Standard Bearers - carriers of the banners of the auxiliary unit

These teacher notes provide information on who the standard bearers were and the different banners they carried. You can download a copy of these teacher notes below.

Download: Standard Bearers - carriers of the banners of the auxiliary unit PDF resource here (2.2 MB)

Soldiers could hold different roles within the Roman Army.

One role a soldier could have was to be a standard bearer. Being the standard bearer of the whole cohort was a position of honour, and only the best would be picked. Standard bearers were paid more money, but they also had other duties. For instance, they acted as bankers, looking after the savings of soldiers kept in the strong-room of the Headquarters.

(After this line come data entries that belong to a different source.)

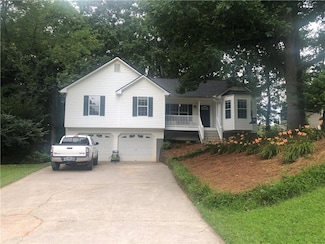 224 Hawkins Farm Cir Unit 2, Ball Ground, GA 30107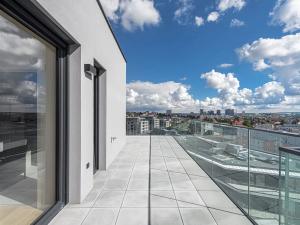 Prodej bytu 4+kk, Praha - Strašnice, Ramonova, 106 m2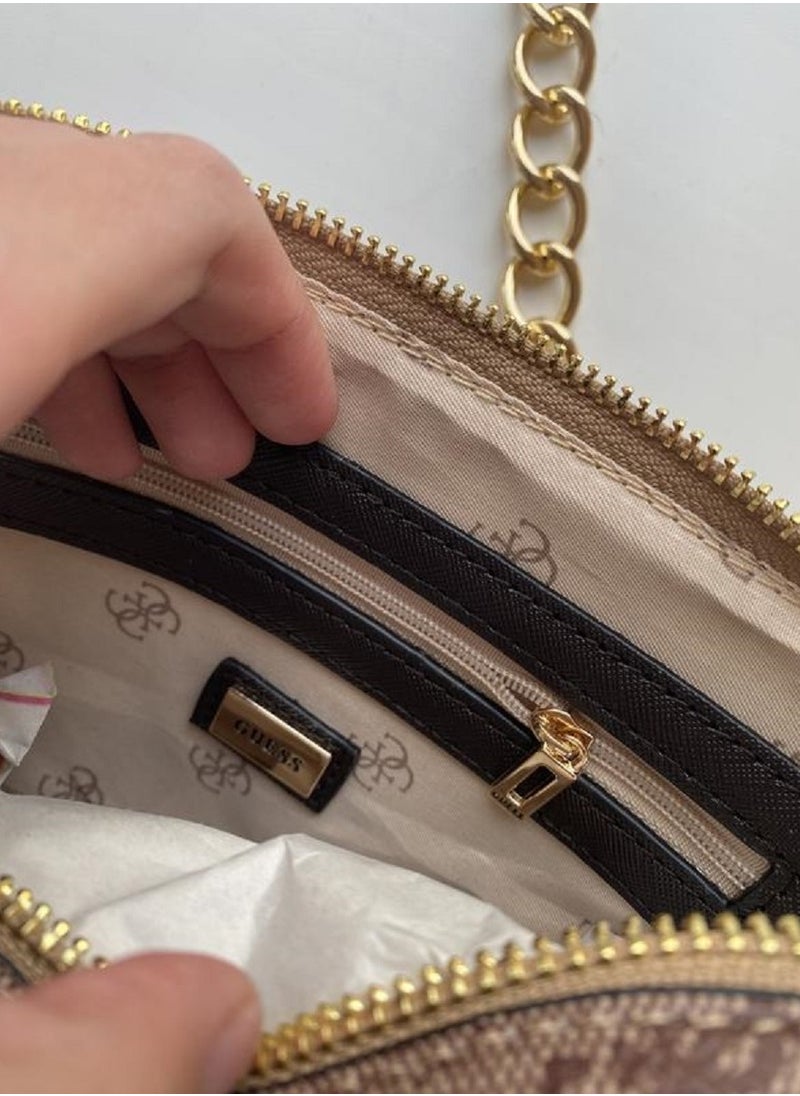 GUESS Noelle Crossbody Camera bag  - Image 3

Standard bearers had the important role of carrying standards (spears with various symbols on them). 

These standards were very important to the soldiers. They weren’t just signs for the men to follow into battle or to say which cohort or century they were in, but they were sacred symbols which meant something to the soldiers. If the standard was lost in battle, the entire unit would be in disgrace and serious trouble.

The unit standards were also so important that they were kept in a shrine in the most important building in the fort, the headquarters building, at the very centre of the fort. There was always a soldier on guard at the shrine. 

An auxiliary unit such as that based at Segedunum would probably have had 12 standards.

The standard for the whole unit was the vexillum. This was a small square piece of cloth attached to a spear. This standard showed what cohort the soldiers belonged to. This was carried by the vexillarius. 

The vexillum standard was accompanied with a standard bearing a three-dimensional portrait bust of the current emperor made from beaten metal called the imago. This was carried by the imaginifer. The Imago gave a physical presence to the Emperor (who was generally far away), and also reminded soldiers of their loyalty to him (as they had to swear an oath of allegiance to him when they joined the Roman army). 

The other standards belonged to the sub-units within the cohort.

The six infantry centuries had spear standards, but these were decorated with disks, sometime with other elements mounted on a pole such as a manus (human hand image) instead of the spearhead, and a wreath representing victory. These were carried by a signifer.

Each one was probably slightly different so that the soldiers in the centuries could recognise their own standard and follow it or return to it as necessary.

The four cavalry centuries each had a standard called a draco (which means snake) and consisted of a metal head and a long silk tail that would fill and move in the wind. Some may have had a little device fitted in the mouth to make a whistling sound as well. The Draco was carried by a bearer called the Draconarius. 

The standard bearer could not fight as he held the standard in battle and only had a small round shield to protect himself but he relied on his whole unit keeping the standard (and him) safe.

Some standard bearers would also often wear animal skins over their helmets. Different animal skins were worn by different standard bearers. Auxiliary standard bearers wore bears skins whilst praetorian standard bearers (the Emperor’s guard) often worn lion-skins.

The standard bearers were also occupied by a horn-player called a cornicen and a tuba (a long straight-horn) played by a tubicen. The cornicen blew his horn to give soldiers orders when they were marching or during battle especially when verbal commands could often not be heard. The tuba gave the signal to charge or retreat during attack.